My Lords, the Dasgupta review commissioned by the Treasury warned against the continued use of subsidies towards fossil fuels because they are driving biodiversity loss. Before the Minister says that they do not subsidise them, there are tax breaks, investment allowances and decommissioning loopholes—all of which are subsidies. What can the Minister say today about dealing with biodiversity loss and ending those subsidies towards fossil fuels?

I am sorry to disappoint the noble Baroness but the Minister is going to say that we do not subsidise fossil fuels, because that is the case. In fact, the opposite is true. We gain billions of pounds per year in tax revenues from fossil fuels.

My Lords, would the Minister agree with the right honourable Member in the other place Chris Skidmore, the chair of the independent review of net zero, who has come out in opposition to the new Rosebank field development? He recently said:

“We must not let the industries of the past dictate our future”.

I actually agree with him on that particular statement. Of course we need to move towards phasing out fossil fuel use; nobody disagrees with that. We have a legal commitment to do that and we are doing so through a transition. As I said in response to previous questions, the question is where we get those reserves from in future. Even with new licensing, UK production in the North Sea will continue to decline at a rate of about 7% per year. At the moment we are importing LNG to satisfy our domestic demand, which has about twice the carbon footprint of that produced in the North Sea. I really do not understand the point the noble Baroness is making.

My Lords, as we have heard, the CCC’s report last month emphasised the need for decarbonising and expanding the electricity system to rapidly reduce the UK’s demand for fossil fuels. As mentioned in the report, the Government still have not provided a coherent strategy or essential details on how they will achieve their goal of decarbonisation by 2035. When will these be provided? When will the Government accept that the quickest and cheapest way to offer the required supply of variable renewables to do so will involve onshore wind and solar?

Decarbonising our electricity system, which we are doing at the fastest rate of all G7 countries, will require much more electrification. Renewable generation capacity is currently six times greater than in 2010. We are expanding to deliver up to 50 gigawatts of offshore wind capacity by 2030. We have said that we will also consider onshore wind in future CfD rounds. We have one of the highest solar capacities in Europe as well—in fact, we have more solar capacity than even countries such as France.

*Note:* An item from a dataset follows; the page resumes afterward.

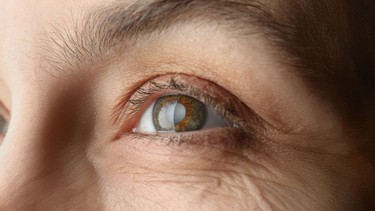 Cườm nước là gì? Nguyên nhân và cách điều trị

My Lords, the Minister’s defence of new exploration and production in the North Sea is that the carbon footprint of the oil and gas produced will be less because it will be consumed here. This goes against all the evidence. Can the Minister therefore give the House an assurance that all future production of oil and gas in the North Sea will be consumed in the UK in order to reap the benefits which he so repeatedly announces?

The reason I said it was lower carbon intensity is that that is a fact. There are lots of studies being done on it. Imported LNG has about twice the carbon footprint of domestic production. Of course I cannot give him a guarantee that it will all be consumed within the UK, because it is an international market. We have pipelines, for instance, interlinking our gas supply with the continent, as the noble Lord well knows. If the Liberal Democrats really believe that we should stop our production tomorrow, I look forward to all the focus leaflets—which are being distributed at the moment—telling people that they have to stop using their gas boilers or driving their cars. Lots of leaflets are being produced but I have not noticed the Liberals saying that in public.

My Lords, the Minister did answer the question on the impact on biodiversity of fossil fuel extraction. Could he have another go now?

Of course it has an impact on biodiversity, but we have very strict climate and environmental studies that need to be done before any fields are licensed. This is the subject of court action at the moment, as the noble Baroness probably realises, so I cannot comment on it in detail. We follow all the required biodiversity protocols.